In Germania, Beatrix von Storch, vice presidente nazionale di Alternative für Deutschland, ha parlato della vittoria di Trump come «un segnale che i cittadini del mondo occidentale vogliono un cambiamento politico». «Non solo negli Stati Uniti, ma anche in Germania - ha scritto - i cittadini vogliono confini sicuri, meno globalizzazione e politiche di buon senso che siano più concentrate sul loro Paese».

Persino Alba dorata, formazione di estrema destra greca e terzo partito in Parlamento, si è felicitata con Trump: «Questa è stata una vittoria per le forze che si oppongono alla globalizzazione, stanno combattendo l’immigrazione clandestina e sono a favore di stati etnici puri, a favore di autosufficienza per l’economia nazionale», ha detto un portavoce del partito. «Un grande cambiamento globale sta iniziando, che continuerà con i nazionalisti che prevalgono in Austria, Marie Le Pen in Francia e Alba Dorata in Grecia».

Non poteva mancare il presidente turco Recep Tayyip Erdogan. «Il popolo americano ha fatto la sua scelta e con questa scelta negli Stati Uniti inizia una nuova stagione». Dopo le critiche rivoltegli in passato con l’accusa di «non tollerare i musulmani in America», e la proposta di far cambiare nome alle Trump Towers di Istanbul, nelle ultime settimane il leader di Ankara aveva ammorbidito la sua posizione verso il neo-presidente americano. Trump aveva a sua volta espresso il suo appoggio ad Ankara: «Ammiro Erdogan per come ha reagito al colpo di Stato. Che diritto hanno gli Usa di dire agli altri Paesi cosa devono fare?». Miele per le orecchie di Erdogan impegnato in una feroce repressione del partito dei filo-curdi.

Un mondo inesplorato si apre davanti a noi dopo il sorprendente voto Usa dove sono saltati i vecchi schemi pre-Brexit. Di fronte a questa realtà geopolitica, i populismi europei festeggiano quella che viene definita da alcuni sociologi americani - come Arlie Russell Hochschild, fortunata autrice di “Stragers in their Own Country”, Stranieri nella propria nazione, un libro basato sulla esperienza sul campo di cinque anni tra i supporters dei Tea Party in Louisiana - la “vendetta” elettorale della working class bianca, che si è comportata come una minoranza etnica pur essendo il 40% dell’elettorato Usa, concentrandosi compatta su un candidato anti-establishment. L’operaio bianco arrabbiato è il personaggio antropologico di questa nuova maggioranza silenziosa, che ha dominato questa consultazione elettorale.

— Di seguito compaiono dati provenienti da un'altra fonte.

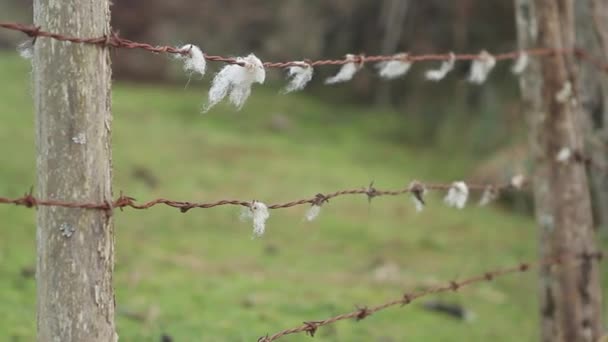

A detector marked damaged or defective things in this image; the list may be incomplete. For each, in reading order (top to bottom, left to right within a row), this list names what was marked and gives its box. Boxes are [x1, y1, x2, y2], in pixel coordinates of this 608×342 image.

rusty barbed wire [1, 21, 608, 72]
rusty barbed wire [0, 180, 524, 212]
rusty barbed wire [256, 252, 604, 340] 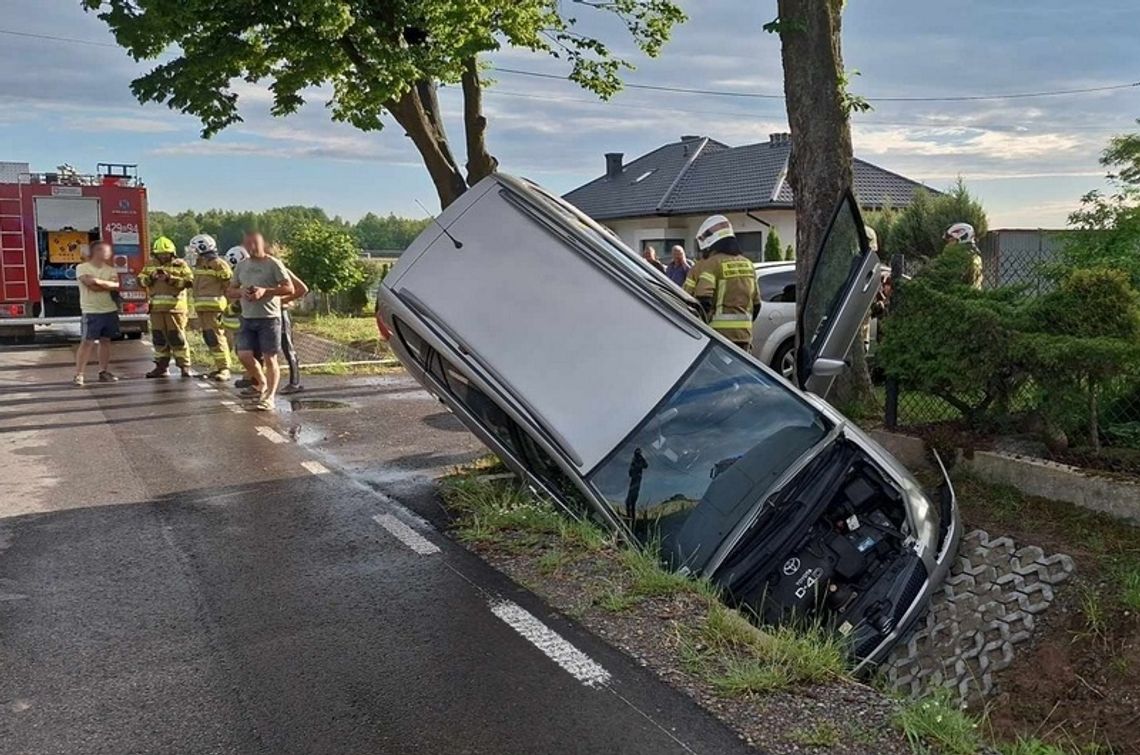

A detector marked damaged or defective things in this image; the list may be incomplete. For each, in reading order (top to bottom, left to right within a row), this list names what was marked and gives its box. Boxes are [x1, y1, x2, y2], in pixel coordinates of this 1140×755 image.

overturned silver toyota [378, 173, 956, 668] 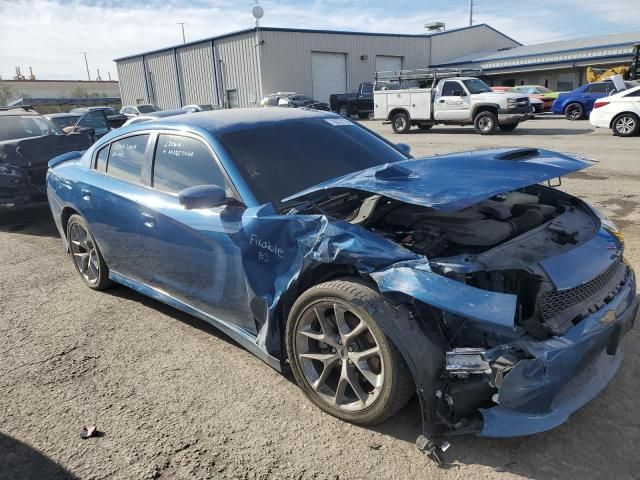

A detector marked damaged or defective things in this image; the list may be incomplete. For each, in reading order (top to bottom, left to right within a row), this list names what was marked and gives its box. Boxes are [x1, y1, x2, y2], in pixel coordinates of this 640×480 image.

damaged blue sedan [45, 108, 636, 450] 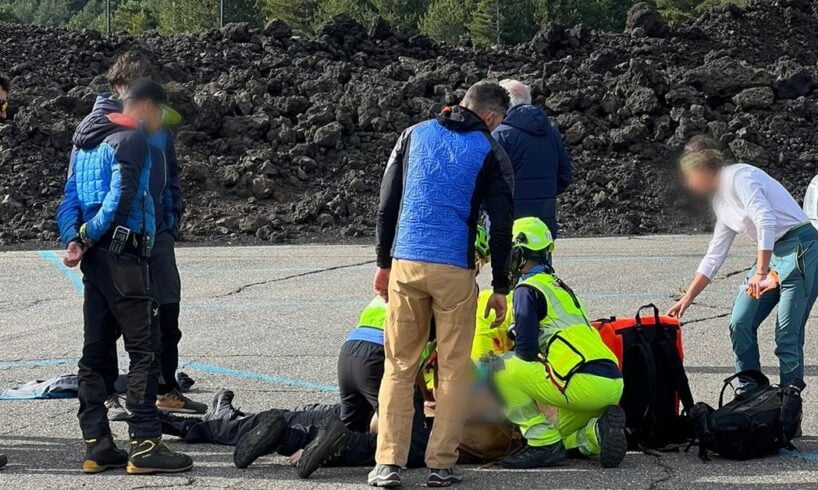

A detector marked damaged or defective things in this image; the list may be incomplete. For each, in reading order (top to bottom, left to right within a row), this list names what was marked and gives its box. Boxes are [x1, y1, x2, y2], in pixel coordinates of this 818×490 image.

cracked pavement [1, 236, 816, 486] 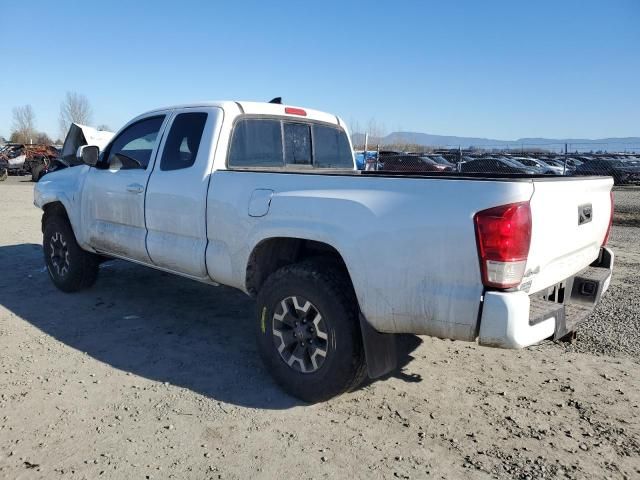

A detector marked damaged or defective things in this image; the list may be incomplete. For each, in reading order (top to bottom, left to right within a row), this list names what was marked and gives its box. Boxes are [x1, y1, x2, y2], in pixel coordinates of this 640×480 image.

wrecked vehicle [35, 100, 616, 402] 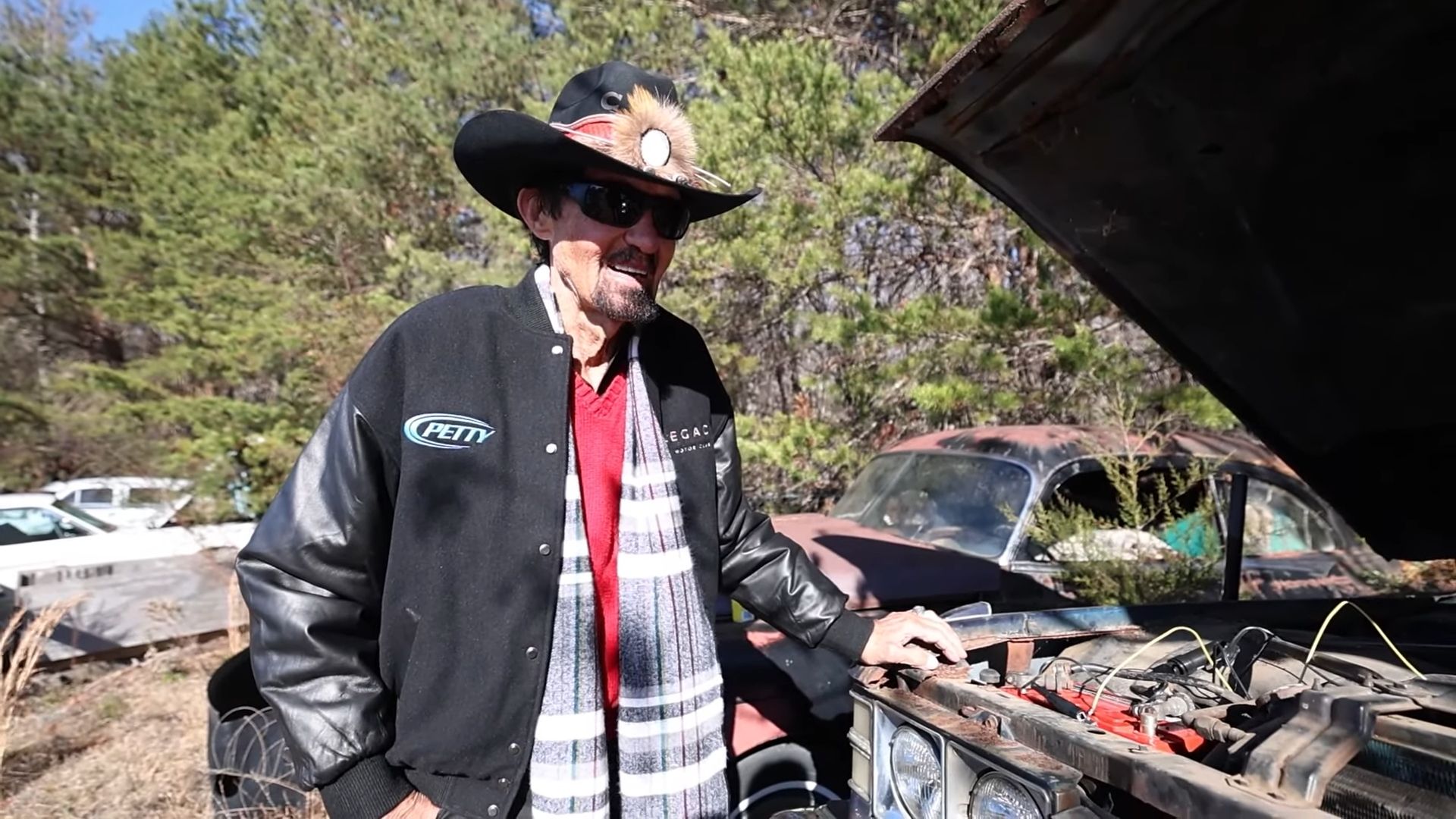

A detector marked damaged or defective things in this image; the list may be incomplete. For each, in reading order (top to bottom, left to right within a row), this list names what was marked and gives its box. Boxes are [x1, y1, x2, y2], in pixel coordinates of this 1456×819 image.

rusted sheet metal [902, 673, 1333, 810]
rusty car with open hood [798, 2, 1456, 816] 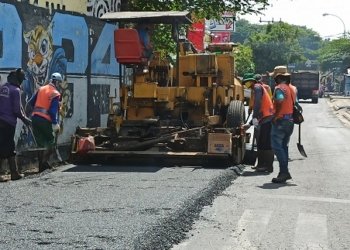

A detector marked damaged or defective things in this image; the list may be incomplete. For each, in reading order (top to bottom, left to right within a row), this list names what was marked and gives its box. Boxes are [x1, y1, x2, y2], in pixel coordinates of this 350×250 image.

damaged road surface [0, 164, 242, 248] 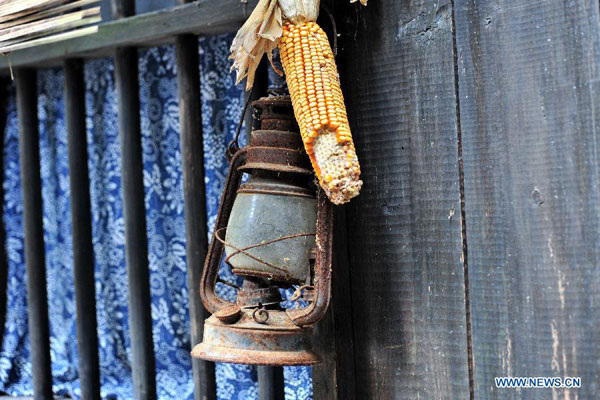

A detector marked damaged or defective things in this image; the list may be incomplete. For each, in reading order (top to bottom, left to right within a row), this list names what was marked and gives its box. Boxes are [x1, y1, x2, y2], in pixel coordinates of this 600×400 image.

rusty oil lantern [191, 97, 336, 366] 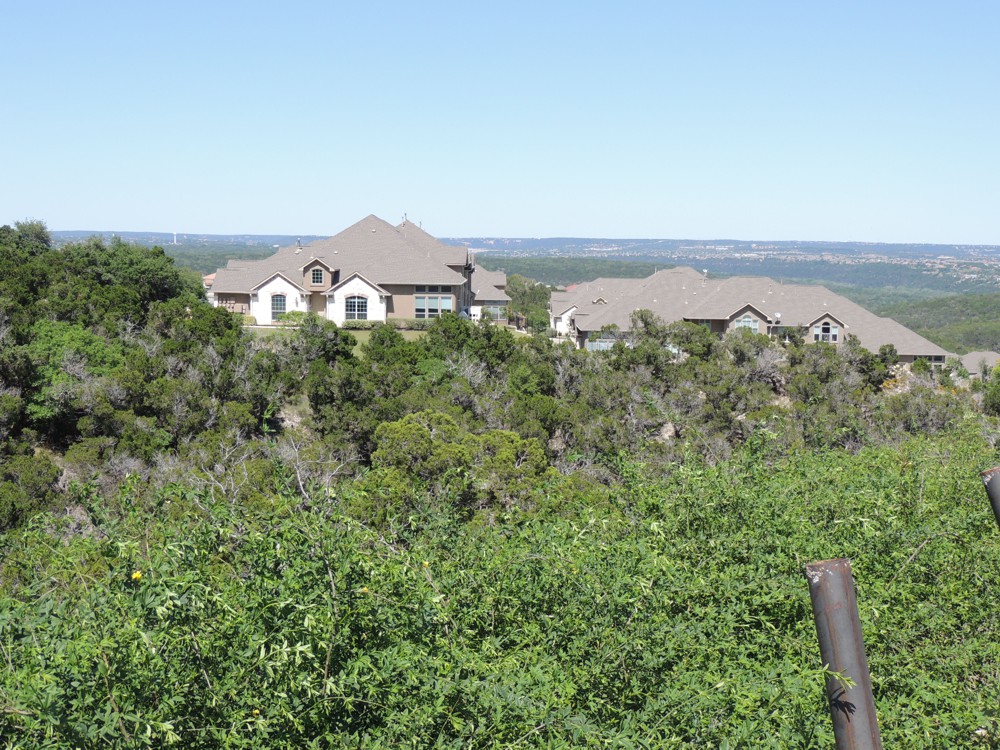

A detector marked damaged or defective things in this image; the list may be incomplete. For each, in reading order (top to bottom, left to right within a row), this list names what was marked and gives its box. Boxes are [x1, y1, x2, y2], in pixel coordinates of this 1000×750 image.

rusty metal pipe [980, 468, 1000, 532]
rusty metal pipe [804, 560, 884, 748] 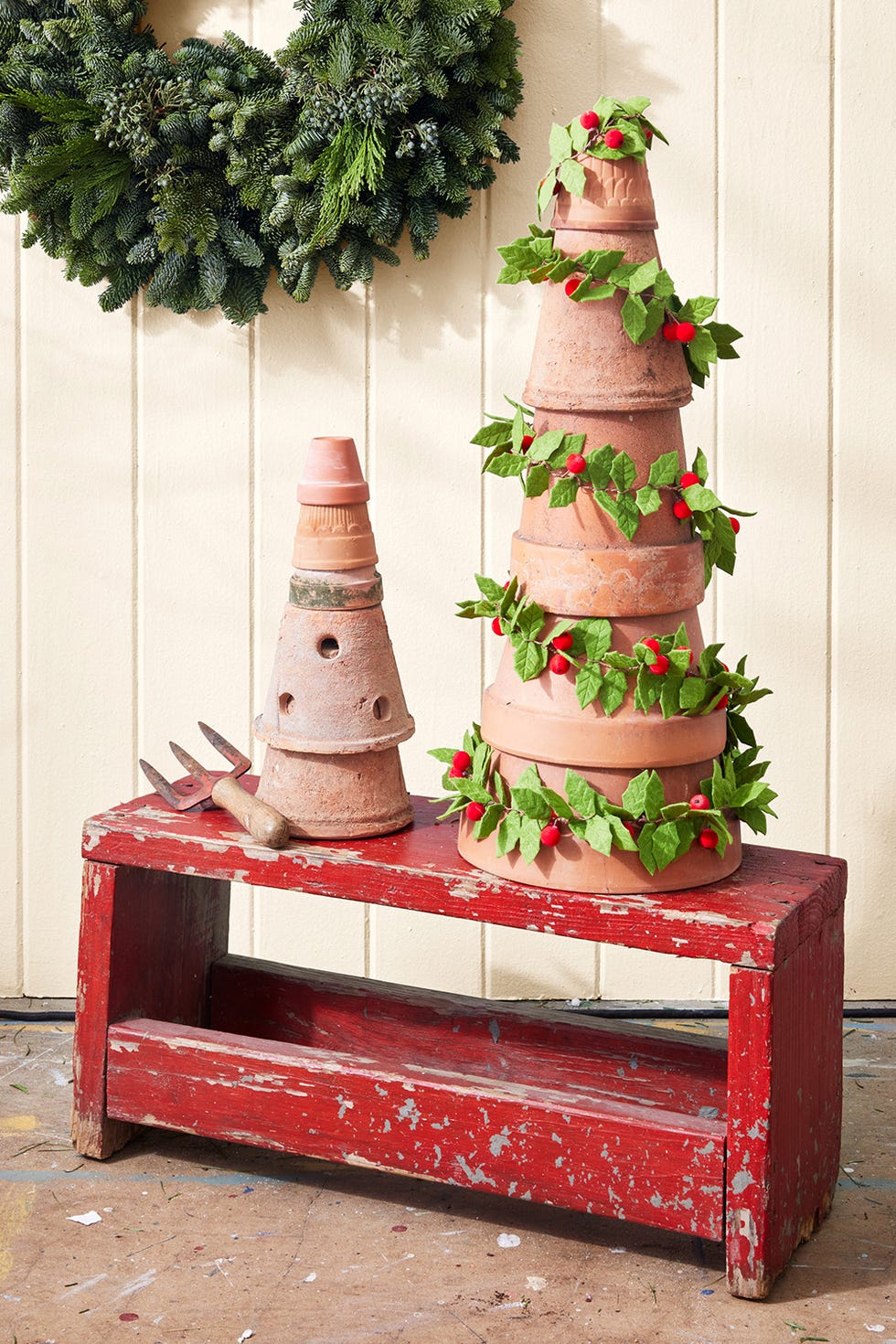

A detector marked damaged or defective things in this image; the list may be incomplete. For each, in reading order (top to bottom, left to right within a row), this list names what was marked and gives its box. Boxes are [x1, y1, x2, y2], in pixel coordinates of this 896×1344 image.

chipped red paint [71, 790, 848, 1296] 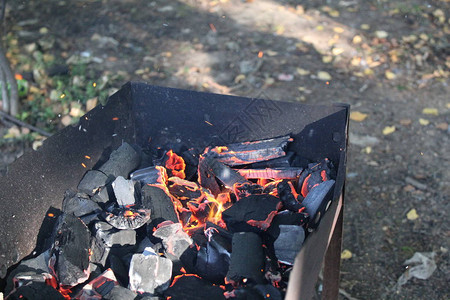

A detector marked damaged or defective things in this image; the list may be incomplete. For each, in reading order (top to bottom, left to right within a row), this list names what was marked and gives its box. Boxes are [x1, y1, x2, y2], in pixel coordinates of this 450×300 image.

black charred wood [98, 142, 141, 179]
black charred wood [207, 135, 292, 168]
black charred wood [61, 190, 102, 218]
black charred wood [77, 170, 109, 196]
black charred wood [141, 184, 178, 226]
black charred wood [222, 193, 282, 233]
black charred wood [276, 179, 304, 212]
black charred wood [50, 213, 90, 286]
black charred wood [227, 233, 266, 284]
black charred wood [6, 284, 65, 300]
black charred wood [163, 276, 225, 298]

Lunga è la fila di chi è pronto a proporsi come alleato di ferro del nuovo presidente Usa, Trump, campione del ritorno allo stato-nazione, al controllo dei suoi confini dai migranti, alla fine del multilateralismo commerciale a favore del ripristino di dazi per difendere produzioni locali, favorire il fenomeno del ritorno a casa delle delocalizzazioni fatte in Messico e in Asia. Insomma, tutti coloro che parlano di ritorno alle nazioni, di muri da costruire, organismi multilaterali da mettere in soffitta come la Wto.

Il premier ungherese Viktor Orban, la candidata alle presidenziali francesi Marine Le Pen, l’olandese Geert Wilders, il candidato austriaco dei Liberal-nazionalisti alle presidenziali Norbert Hofer e Frauke Petry, leader estrema dell’Alternative für Deutschland, sono i primi di questa nuova pattuglia di alleati europei ideologicamente affini a Trump.

Un gruppo di populisti destinato ad ingrandirsi nei prossimi giorni, consci che il fenomeno isolazionista americano è la coda del terremoto di Brexit, voto refendario che ha scardinato le volontà dell’élite politica britannica liberista e multilateralista.